He's also something of a romantic, and I'll Sleep When You're Dead works best when it's hard to figure out which El-P is most prominently on display. As a producer, he shows his love for hip-hop through a sound bent on the genre's very destruction; give El-P a breakbeat or a vocal snip to sample, and he'd sooner blow it up than rub it down. As an MC, he lays into the communicative aspects of rapping with a verbal style so dense and layered that simple communication can be hard to come by. Listening to El-P for any real stretch of time requires a high threshold for confusion.

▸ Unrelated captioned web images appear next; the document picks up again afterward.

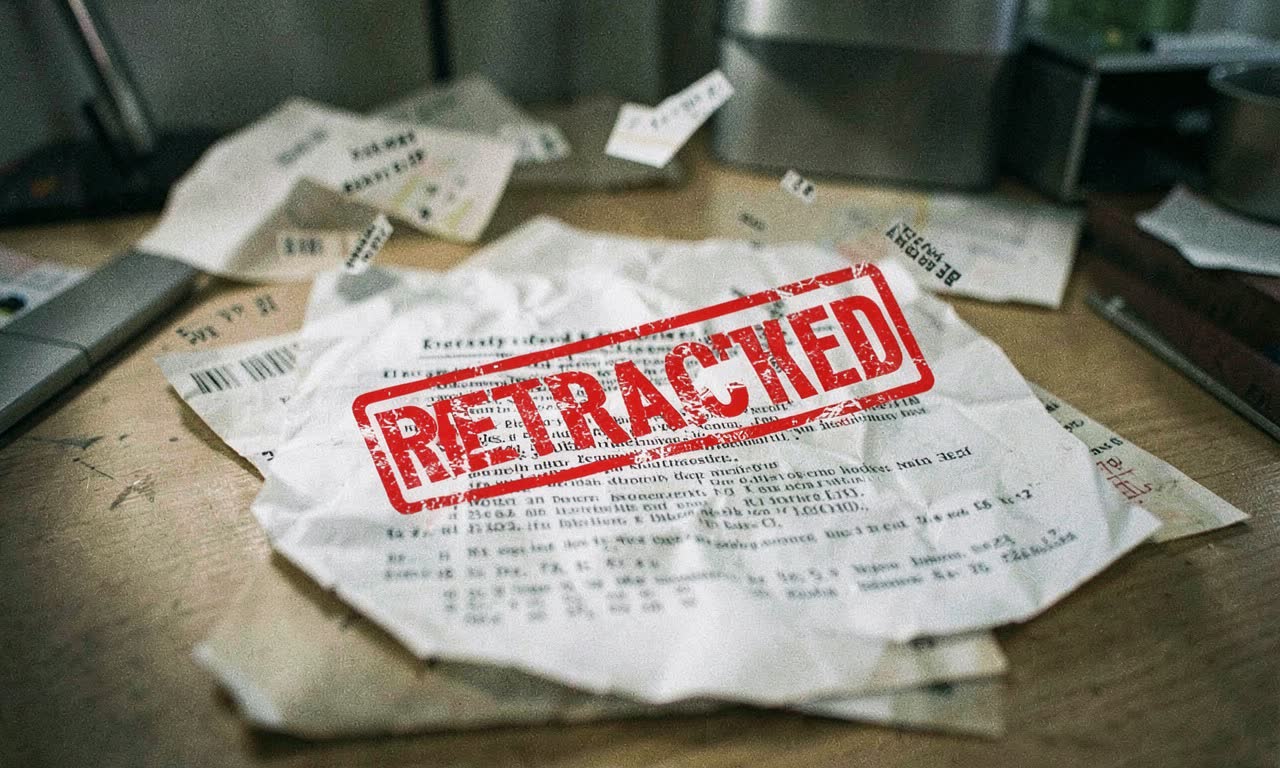 A crumpled academic paper with a red retraction stamp, surrounded by scattered citation numbers, documentary style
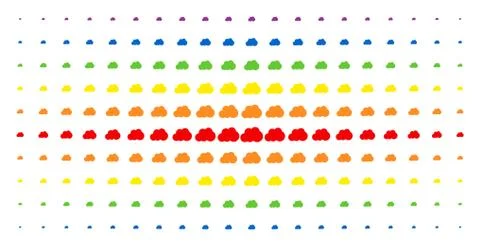 Cloud Spectrum Halftone Effect Illustrazione stock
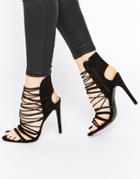 Public Desire Anina Caged Strap Heeled Sandals - Black
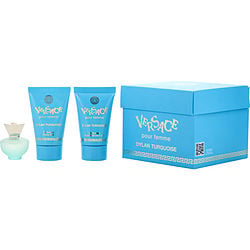 Versace Dylan Turquoise by Gianni Versace EDT 0.17 & BODY GEL 0.8 OZ & SHOWER GEL 0.8 OZ for WOMEN
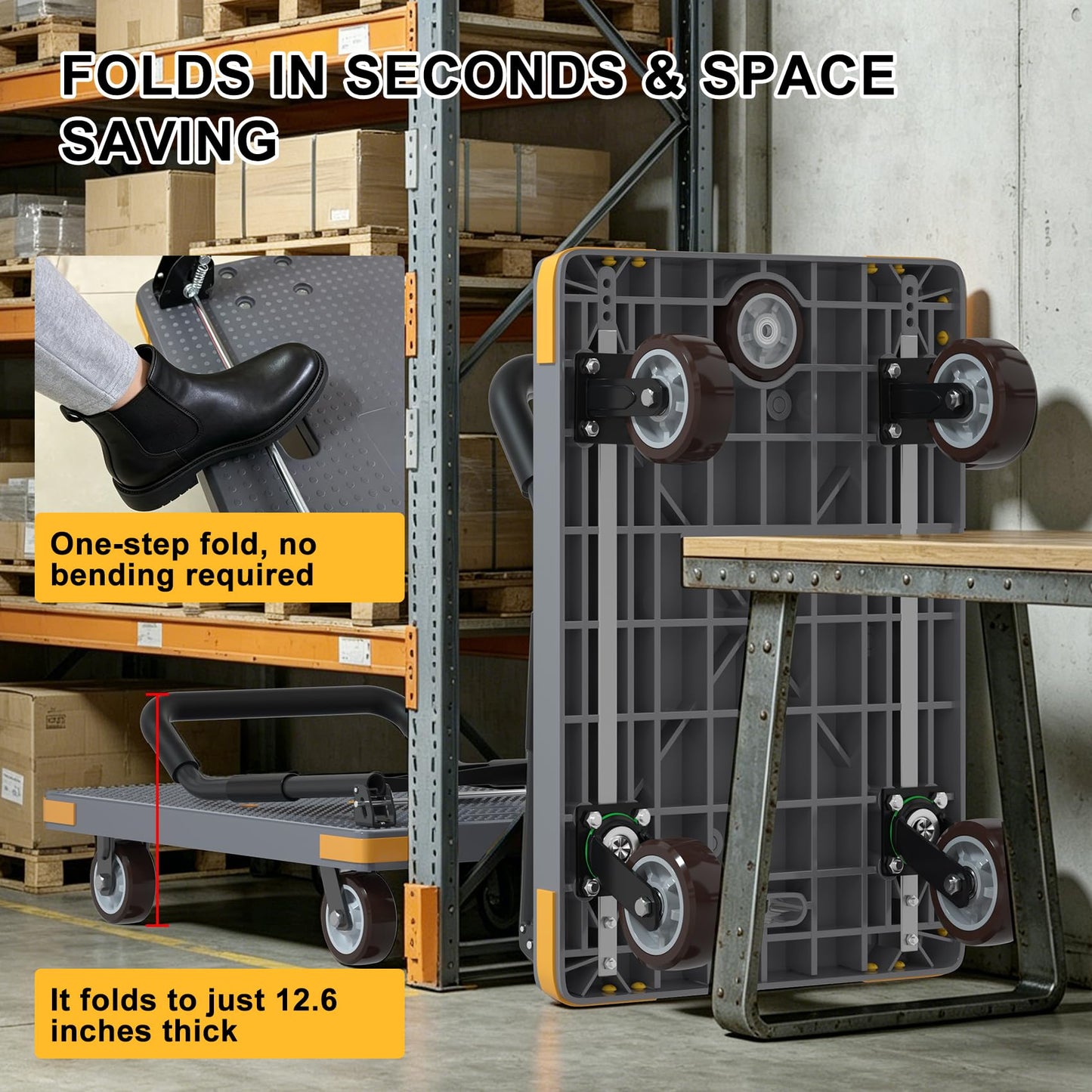 WUD Push Cart, Folding Mobile Platform Trolley,Thickened and Reinforced, 360° Swivel Wheels,35.4 “L x 23.6 ”W, 1323 lb.Grey Dolly cart with Wheels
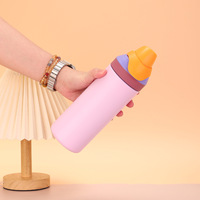 Gourde isotherme en acier inoxydable à double paroi avec couvercle 2-en-1 anti-fuite pour la randonnée et le sport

Confusion plays to grand ends on I'll Sleep When You're Dead, which comes nearly five years after El-P made a celebrated solo move with Fantastic Damage. Still most striking is the sound; nobody makes hip-hop as textured and atmospheric as El-P, and he manages to temper his disorienting noise with soulful suggestions this time out. In "Tasmanian Pain Coaster," after a sample of Twin Peaks' Laura Palmer cooing about fire, the initial death-march of a beat gives way to a warm bit of electric-piano R&B that might play on a Schlitz commercial. The beat in "Smithereens" draws on an indecipherable din of shrieks, static, and sirens that vary in volume to allow occasional peeks under the hood. It's dirty, gritty, and always on the brink of breaking down, in part for having been driven so indelicately.